IgA Nephropathy

Molecular Characteristics of IgA in IgAN.

There is no well-supported evidence that IgAN is driven by circulating IgA autoantibodies’ binding to glomerular antigens. Increases in circulating IgA1 antibodies against a variety of antigens have certainly been described, but no single pathogenic antigen has been identified. Studies of serum IgA have by contrast demonstrated a number of unusual physical characteristics in IgAN (Table 1). Although some of these findings have been replicated for IgA eluted from renal biopsy specimens, it is not yet certain which of these features are responsible for the mesangial deposition and mesangial cell (MC) activation of IgAN.

Abnormal O-glycosylation of IgA1 in IgAN has been widely investigated, and there is now increasing evidence for its involvement in the pathogenesis of IgAN (14). The abnormality takes the form of reduced galactosylation of the IgA1 hinge region O-glycans, leading to increased frequency of truncated O-glycans. Altered sialylation of the IgA1 O-glycans in IgAN is more contentious, with increased and decreased O-sialylation being reported. Early reports were confined to studies of serum IgA, but two studies of IgA1 eluted from isolated glomeruli have now identified the same O-glycosylation abnormalities in mesangial IgA1, strongly implicating altered glycosylation in the mechanisms of IgA deposition (15,16). The functional effects of altered IgA1 hinge region O-glycosylation are under active investigation. Current in vitro evidence suggests that aberrantly glycosylated IgA1 molecules have an increased tendency both to self-aggregate and to form antigen-antibody complexes with IgG antibodies directed against IgA1 hinge epitopes, favoring the generation of macromolecular aggregates of pIgA1 and IgA immune complexes (IgA-IC), which would promote mesangial deposition (17,18). In addition, IgA1 molecules that lack terminal sialic acid and galactose units have increased in vitro affinity for the extracellular matrix components fibronectin and type IV collagen (18). Early studies in this field have relied on in vitro deglycosylation of IgA1, which produces a much more extensive alteration in glycosylation than the subtle abnormalities identified in serum and mesangial IgA1 in patients, so there is some uncertainty about the extrapolation of these findings to the human disease. In vitro studies using serum IgA1 isolated from patients with IgAN are now emerging and seem more likely to produce clinically relevant information (19).

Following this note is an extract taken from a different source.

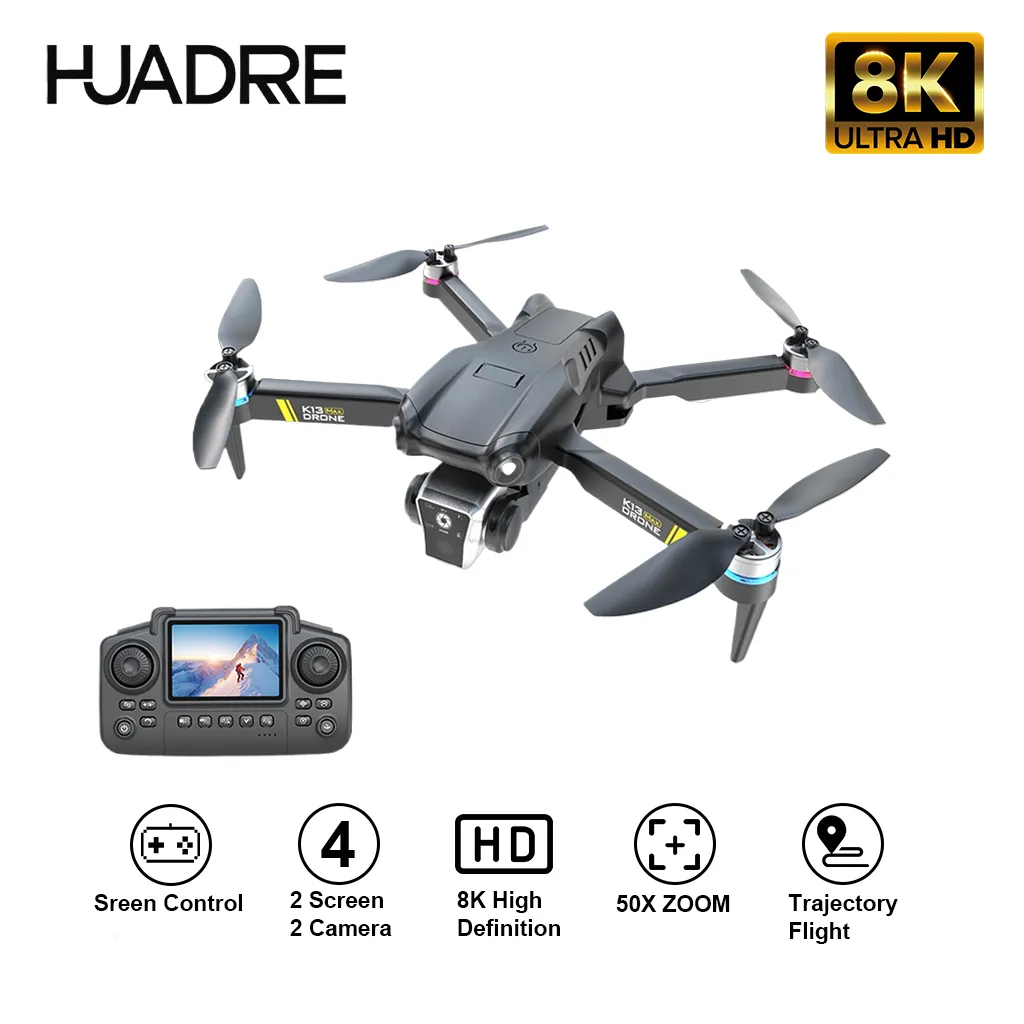 HUADRRE K13 Drone Brushless Motor 8K HD Dual Kamera Bisa Digerakan Via Remote Control 50X Zoom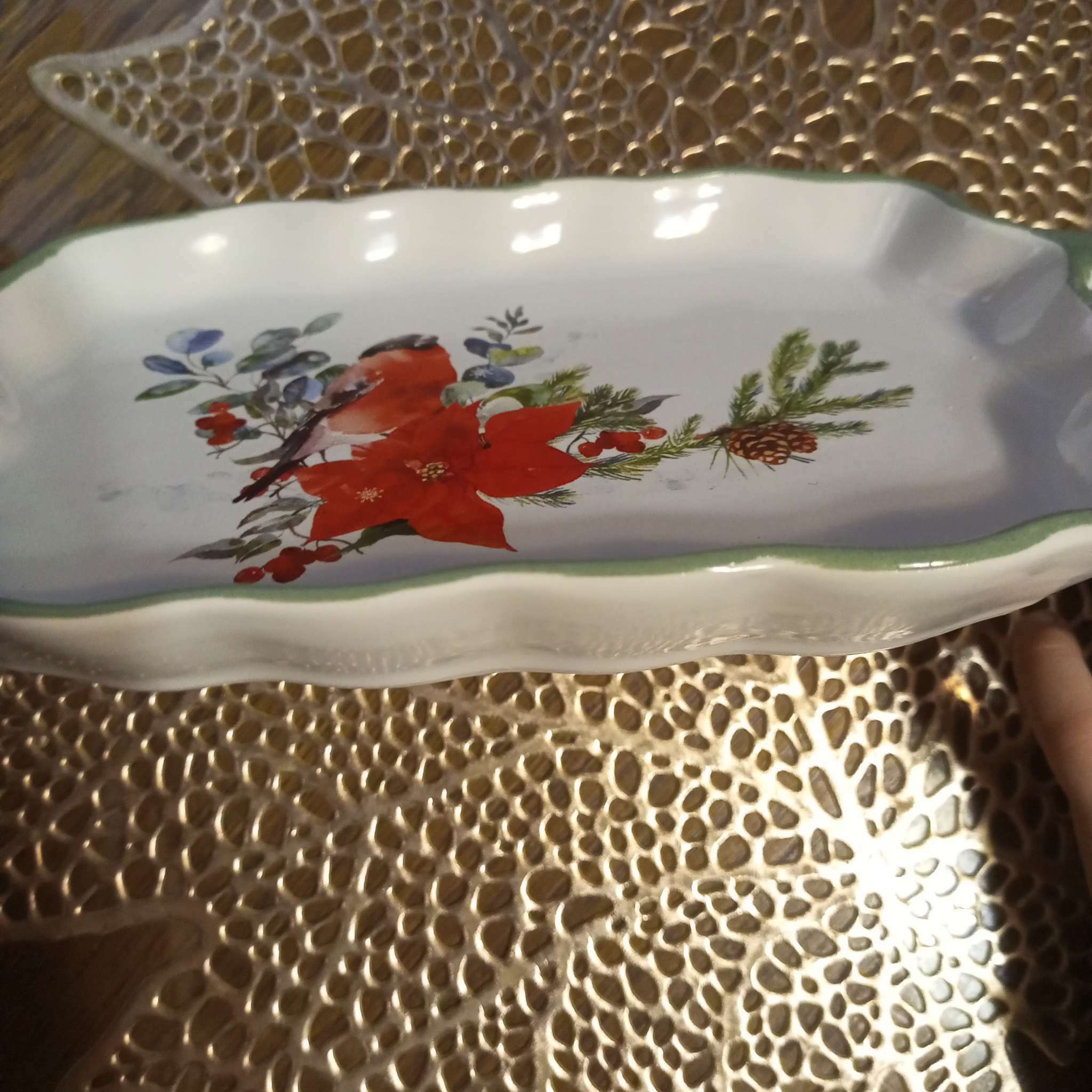 Фотография покупателя товара Блюдо новогоднее «Зимней сказки», 23×13×2.5 см, ручная работа - Фото 5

A functional abnormality of the specific glycosyltransferases responsible for the O-glycosylation of IgA1 has been proposed as a mechanism for altered O-glycosylation in IgAN (20). β-1,3-Galactosyltransferase (β1,3-GT) is the key enzyme, catalyzing the addition of galactose to O-linked glycans, and although we reported some evidence for a functional defect in β1,3-GT in peripheral blood B cells (21), we have since found no overt defect in the activity of this enzyme in bone marrow B cells in IgAN (22). These studies have been hampered for some years by lack of information on the molecular genetics of glycosyltransferases; however, such work is now possible as the core β1,3-GT and its molecular chaperone, Cosmc, have now been characterized (23,24).

IgA Production in IgAN.

The site of production of the pathogenic IgA in IgAN has been an area of extensive study. The association of episodic macroscopic hematuria with mucosal infections originally led to the suspicion that IgAN was intimately linked with abnormal mucosal antigen handling, particularly because both mesangial IgA and the increased IgA fraction in serum IgA are polymeric, which is normally produced at mucosal surfaces rather than in systemic immune sites. However, studies that were published several years ago indicate that the presence of pIgA in the circulation cannot be attributed simply to mucosal overproduction and “spillage” into the circulation. These studies indicated that mucosal pIgA plasma cell numbers are normal or even reduced in IgAN, whereas pIgA antibody levels in mucosal secretions are not elevated and are sometimes lower than controls. However, increased pIgA1 plasma cell numbers are found in the bone marrow in IgAN, and systemic antigen challenge results in increased titers of circulating pIgA1 antibodies, with normal levels in mucosal secretions. Therefore, the overproduction of pIgA1 is likely to be based within systemic immune sites such as the bone marrow, with both systemic and mucosal antigen challenges resulting in aberrant systemic immune responses (13). The origin of the plasma cells that secrete this pIgA1 remains a matter for debate. One possibility is that they are displaced mucosally derived plasma cells that have taken up residence in systemic sites rather than back home to their mucosal site of origin; this requires further investigation. γδ T cells are a minority T cell population that play a role in mucosal immunity and promote IgA production. Abnormal patterns of V (variable) region usage by γδ T cells have been reported in both the mucosa and the marrow in patients with IgAN (25,26), although the functional implications of these findings have not yet been elucidated.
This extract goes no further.